If the current trend continues - as law enforcement experts and criminologists interviewed on Wednesday predicted it would - the number of Americans behind bars or on probation or parole will soon approach the 6 million students enrolled full-time in four-year colleges and universities nationwide. Within a decade the number of people behind bars will exceed the entire New York City population, currently about 7.3 million.
During 1994, the number of inmates in federal, state and local prisons increased by more than 1,600 a week, and the number of people incarcerated at year's end had tripled since 1980, according to the study, by the Bureau of Justice Statistics, a research arm of the Justice Department.

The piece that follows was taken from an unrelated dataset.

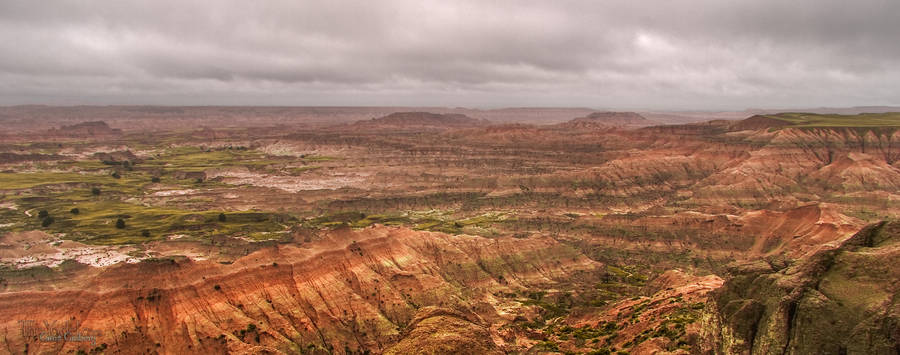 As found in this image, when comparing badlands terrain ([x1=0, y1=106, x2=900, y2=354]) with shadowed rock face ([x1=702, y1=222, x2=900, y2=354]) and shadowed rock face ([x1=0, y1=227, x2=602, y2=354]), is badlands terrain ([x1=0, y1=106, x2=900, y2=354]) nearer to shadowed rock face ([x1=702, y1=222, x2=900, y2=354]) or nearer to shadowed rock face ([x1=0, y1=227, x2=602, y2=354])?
shadowed rock face ([x1=702, y1=222, x2=900, y2=354])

There are wide divergences among experts on how fast the prison population will grow, with estimates depending both on the crime rate and changes in legislation. This year, for instance, the Republicans' Contract With America calls for providing possible billions of dollars in federal financing for state prison construction if states lengthen the required amount of time inmates serve to at least 85 percent of their sentences, a provision that Florida recently met.
Criminologists and politicians on Wednesday offered conflicting opinions about whether the large increase in the number of Americans behind bars had had any effect on the crime rate. The FBI reported in May that the rate of violent and serious crimes had dropped 3 percent in 1994, the third consecutive year of decline. Some cities, including New York, have reported a significant decrease in homicide.
Rep. Bill McCollum, R-Fla., who is chairman of the House subcommittee on crime, called today's report was "encouraging" and said it showed that Congress' efforts to stop crime by lengthening prison sentences and building more prisons were beginning to work.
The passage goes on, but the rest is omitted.